Non seulement les morts ne sont pas morts, mais ils parlent, ils plaident, ils exigent. On peut essayer d’endiguer leurs voix, mais ils pénétreront quand même à l’intérieur des pensées. Ce qu’ils disent, il faudra bien, tôt ou tard, l’entendre. Même s’ils demandent rien de moins que le don de la vie. En cela, ils sont cohérents : puisque les morts ne sont pas morts, les vivants n’ont pas à craindre l’heure de la mort.

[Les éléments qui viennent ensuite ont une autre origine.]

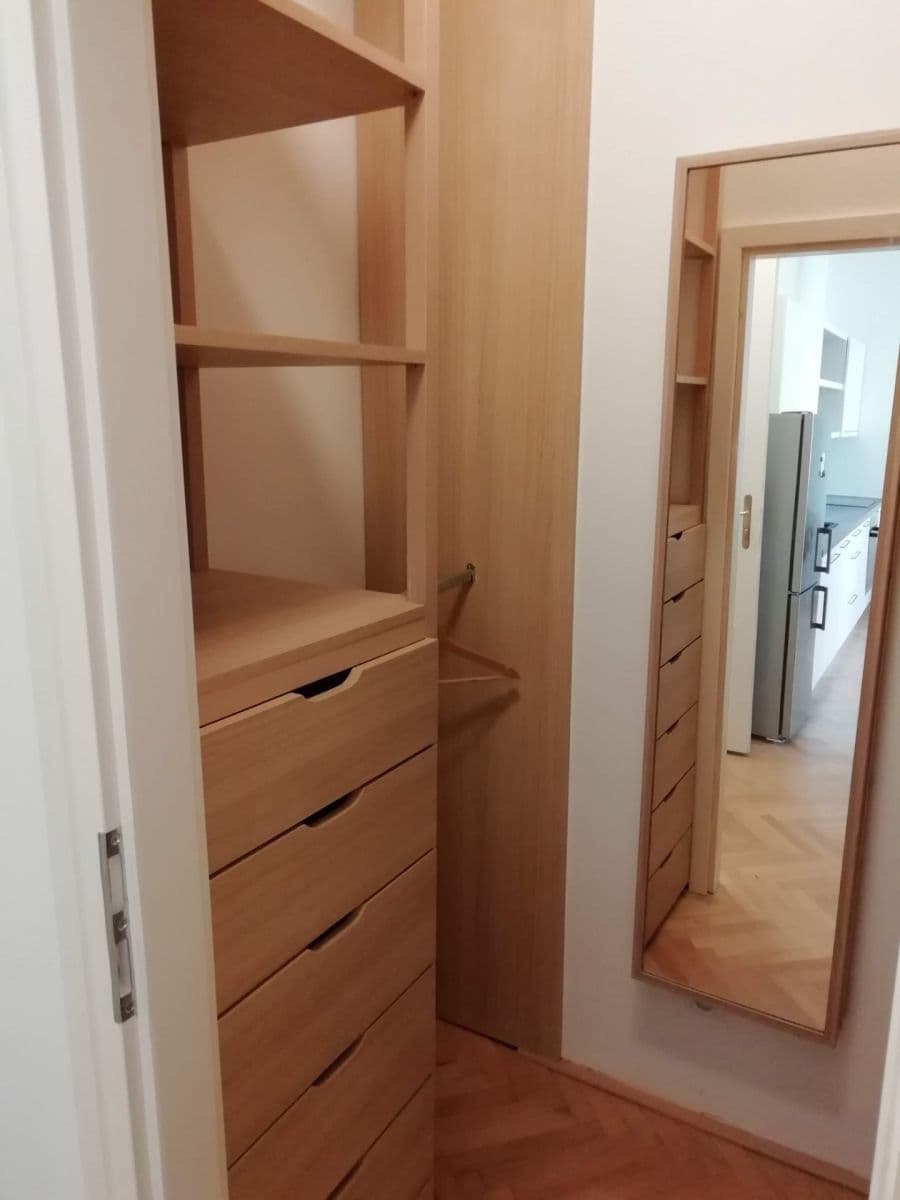 Pronájem bytu 2+kk 40 m², Tolstého, Praha, Praha Pronájem bytu 2+kk 40 m², Tolstého, Praha, Praha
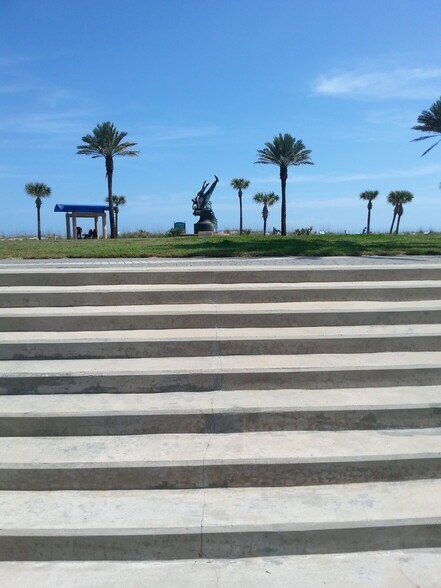 Building Photo - 183 5th Ave S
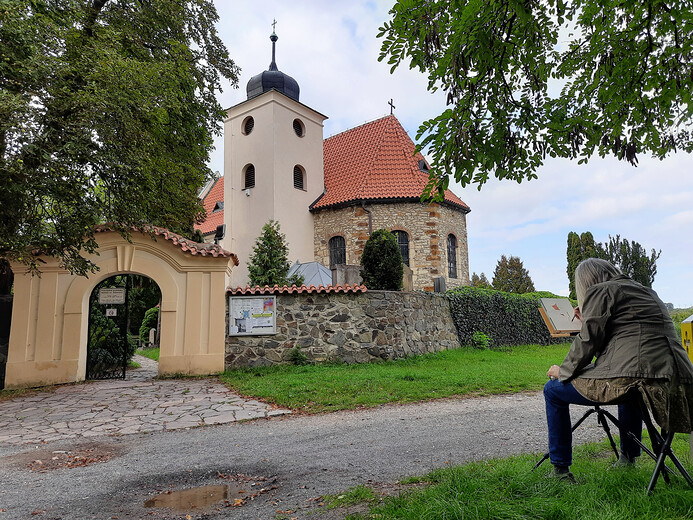 Malování kostela na Levém Hradci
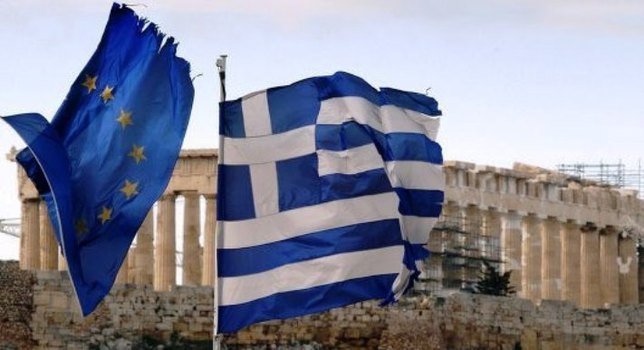 В греческом городе Патры с мэрии сняли флаг Евросоюза
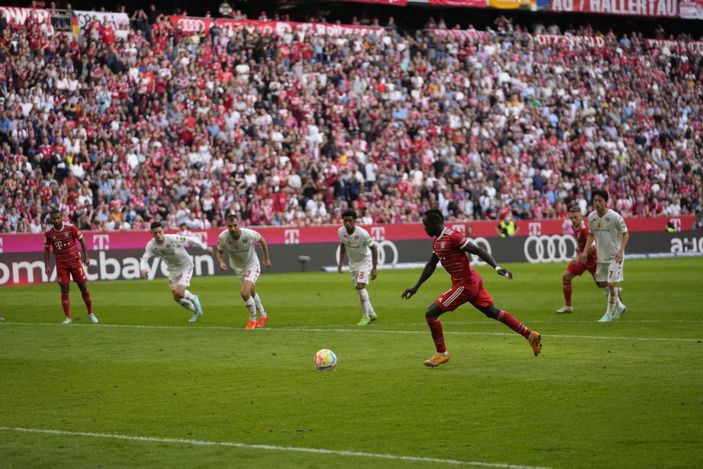 Bayern Münih 6 golle kazandı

En prêtant l’oreille aux morts qui ne sont pas morts, Melchior Mbonimpa assure la continuité entre l’Afrique dont proviennent ses héros et le pays d’accueil où certains d’entre eux sont venus chercher une certaine sécurité. Les morts rappellent aux vivants que la sécurité n’est pas le dernier mot de la vie, qu’il faut parfois consentir aux ultimes sacrifices pour que, là-bas, la corruption soit combattue et que l’espoir renaisse. Et les vivants, un à un, de toutes les générations, reçoivent l’invite et y réagissent : ils doivent songer à leurs racines, mériter le respect des ancêtres, s’intégrer à leur cheminement vers la liberté et la dignité. Le reste est affaire de conscience et de lucidité. Tous n’ont pas à retourner au pays de leurs origines et à s’y faire trucider ; certains trouveront leur voie dans l’un ou l’autre des pays d’ailleurs. L’important, c’est de ne pas laisser la mort contrôler la vie.
Ce roman, autant et plus que les deux précédents, indique à quelles balises obéit l’auteur. Melchior Mbonimpa a d’abord publié de substantiels essais sur divers aspects de la situation africaine. On pense, par exemple, à La « Pax Americana » en Afrique des Grands Lacs (Vents d’Ouest, 2000). C’était, dit-il lui-même avec un sourire, pour se plier aux exigences universitaires. Parvenu au stade qu’il visait, il emprunte maintenant un autre genre littéraire pour révéler les Africains au monde et le sensibiliser aux mSurs et aux intuitions de l’Afrique. Ses romans, celui-ci en particulier, vont bien au-delà de l’exotisme. Ils ouvrent sur une spiritualité et une profondeur culturelle dont l’Afrique est encore prête à nous faire don.